_Your objective_. Collect each line of the records containing the string "Hotel".

※ ※ ※

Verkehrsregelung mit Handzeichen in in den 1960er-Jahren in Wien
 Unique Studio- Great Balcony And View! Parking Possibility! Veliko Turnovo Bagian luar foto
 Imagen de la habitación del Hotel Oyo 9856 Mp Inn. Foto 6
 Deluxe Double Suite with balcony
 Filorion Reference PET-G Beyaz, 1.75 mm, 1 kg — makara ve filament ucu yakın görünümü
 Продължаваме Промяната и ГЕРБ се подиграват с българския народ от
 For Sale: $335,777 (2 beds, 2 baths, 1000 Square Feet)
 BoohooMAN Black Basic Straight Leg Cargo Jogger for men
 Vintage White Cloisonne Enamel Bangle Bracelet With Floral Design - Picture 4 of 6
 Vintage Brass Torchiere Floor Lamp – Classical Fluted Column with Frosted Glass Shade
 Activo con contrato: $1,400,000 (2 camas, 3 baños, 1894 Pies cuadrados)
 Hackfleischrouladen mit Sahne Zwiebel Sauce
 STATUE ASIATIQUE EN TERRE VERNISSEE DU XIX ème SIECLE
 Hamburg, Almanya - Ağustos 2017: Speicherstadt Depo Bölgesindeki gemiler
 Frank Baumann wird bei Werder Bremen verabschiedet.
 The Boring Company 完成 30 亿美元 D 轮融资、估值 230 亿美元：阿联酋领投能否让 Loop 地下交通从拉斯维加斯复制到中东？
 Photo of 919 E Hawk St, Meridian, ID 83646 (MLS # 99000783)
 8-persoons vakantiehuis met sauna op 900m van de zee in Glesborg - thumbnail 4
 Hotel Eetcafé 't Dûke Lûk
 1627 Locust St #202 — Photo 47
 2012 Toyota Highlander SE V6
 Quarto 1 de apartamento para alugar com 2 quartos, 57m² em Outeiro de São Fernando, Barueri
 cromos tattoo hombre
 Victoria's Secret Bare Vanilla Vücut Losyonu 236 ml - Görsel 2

※ ※ ※

_Output of the exercise_.
 Imagen de la habitación del Hotel Oyo 9856 Mp Inn. Foto 6
 Hotel Eetcafé 't Dûke Lûk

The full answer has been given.